Implementing the SDGs in the UK

Published: 26th October 2015 by Claire Hickson. Tagged in: , ,

In September, the United Nations launched the Sustainable Development Goals (SDGs) at a Summit of world leaders in New York.

These goals, which represent a historic agreement between all 193 member states of the UN, cover a wide range of issues, including poverty and inequality, sustainable production and consumption, economic growth, health, education and gender equality.
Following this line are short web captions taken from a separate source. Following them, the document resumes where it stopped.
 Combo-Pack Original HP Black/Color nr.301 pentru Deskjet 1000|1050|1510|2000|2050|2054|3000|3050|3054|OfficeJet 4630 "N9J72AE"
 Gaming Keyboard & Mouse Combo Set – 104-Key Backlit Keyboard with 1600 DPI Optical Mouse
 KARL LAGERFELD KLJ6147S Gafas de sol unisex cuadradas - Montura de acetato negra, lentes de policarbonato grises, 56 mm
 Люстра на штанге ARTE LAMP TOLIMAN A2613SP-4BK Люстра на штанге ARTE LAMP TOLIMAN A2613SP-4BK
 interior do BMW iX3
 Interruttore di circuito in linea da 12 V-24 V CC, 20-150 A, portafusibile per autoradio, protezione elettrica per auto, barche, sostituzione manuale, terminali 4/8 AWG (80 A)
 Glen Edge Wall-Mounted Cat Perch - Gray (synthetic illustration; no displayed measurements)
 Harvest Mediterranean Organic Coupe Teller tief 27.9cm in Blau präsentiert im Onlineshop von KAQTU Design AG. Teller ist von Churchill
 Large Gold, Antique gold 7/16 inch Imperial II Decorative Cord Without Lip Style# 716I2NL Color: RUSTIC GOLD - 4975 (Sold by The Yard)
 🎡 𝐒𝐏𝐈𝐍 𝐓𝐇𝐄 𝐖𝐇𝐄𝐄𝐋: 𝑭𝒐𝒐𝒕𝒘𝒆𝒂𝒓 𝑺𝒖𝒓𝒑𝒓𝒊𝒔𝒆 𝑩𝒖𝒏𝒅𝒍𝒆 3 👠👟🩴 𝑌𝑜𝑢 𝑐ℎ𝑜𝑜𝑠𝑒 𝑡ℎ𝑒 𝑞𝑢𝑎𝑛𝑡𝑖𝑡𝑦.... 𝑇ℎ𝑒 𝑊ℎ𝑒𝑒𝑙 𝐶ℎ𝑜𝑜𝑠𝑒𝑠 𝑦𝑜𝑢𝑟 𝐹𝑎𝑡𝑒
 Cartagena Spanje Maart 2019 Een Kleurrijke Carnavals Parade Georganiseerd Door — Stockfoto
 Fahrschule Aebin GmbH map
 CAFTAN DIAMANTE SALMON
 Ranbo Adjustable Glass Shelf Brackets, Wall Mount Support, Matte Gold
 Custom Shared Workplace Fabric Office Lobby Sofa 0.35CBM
They replace the Millennium Development Goals (MDGs) that expire at the end of this year. However, they are very different from the MDGs in a number of important respects – in their breadth and number, the participatory way in which they were negotiated, and, perhaps most significantly, the fact that they are universal. The MDGs were seen as goals and targets for developing countries around which developed countries should focus their aid, but the SDGs apply to all countries – to the UK as much as they do to Malawi or Bangladesh.

Clearly not all targets are equally applicable to all countries. For example, the commitment to tackle extreme poverty, measured as living on less than $1.25 a day, is not relevant to the UK domestic context. But many are, and developed countries therefore need to look at how they are going implement, monitor and coordinate action around the SDGs.

The UK international development NGO network BOND wanted to start a conversation on how this should happen in the UK and commissioned Trio to come up with some ideas.

There are three strands to SDG implementation in the UK: a) delivering the SDGs domestically in the UK for all UK citizens, b) ensuring DFID, in its programming and policy, support the delivery of the SDGs in its priority countries, c) ensuring that domestic action on the SDGs has a positive impact globally.

Our report looks at how the UK Government and devolved administrations have dealt with sustainable development in the past and what mechanisms could be used in the future to embed the SDGs in UK policy, monitor progress against them and promote coherence within and between these three strands.

In summary, it concludes that:

  • Coordinated action requires leadership from the highest levels and the Prime Minister should therefore take the lead in outlining a clear strategy on how the UK will implement the SDGs based on a detailed review of what is required.
  • Since the UK Government has a commitment to Open Government, the development this strategy ought involve an inclusive participatory process, mirroring the ‘national conversations’ that have taken place or are planned in, for example, Germany, Scotland and Wales.
  • Coordination across departments would most effectively be promoted through the creation of an Implementation Task Force on the SDGs, chaired by the Prime Minister, with the Minister for Government Policy in the Cabinet Office taking day-to-day responsibility for sustainable development, reflecting their role in policy coordination.
  • A national level body, similar to the Sustainable Development Council in Germany, should be created with a membership drawn from academia, business and civil society to independently review progress against the UK’s SDG strategy.
  • To ensure effective parliamentary scrutiny across departmental boundaries, a cross-party SDG/sustainable development select committee should be established to bring together chairs or representatives of all the key select committees.
  • Drawing on its approach to the Open Government Partnership, the UK Government could support the development of a network on sustainable development similar to the Open Government Civil Society Network, to cooperate with the Government in reviewing the UK’s progress against the SDGs/national indicators and the development of new strategies.

The report was launched to coincide with the UN Summit and will be used by BOND to continue the conversation with the UK Government. It was also presented to the House of Commons International Development Select Committee in the margins of Summit.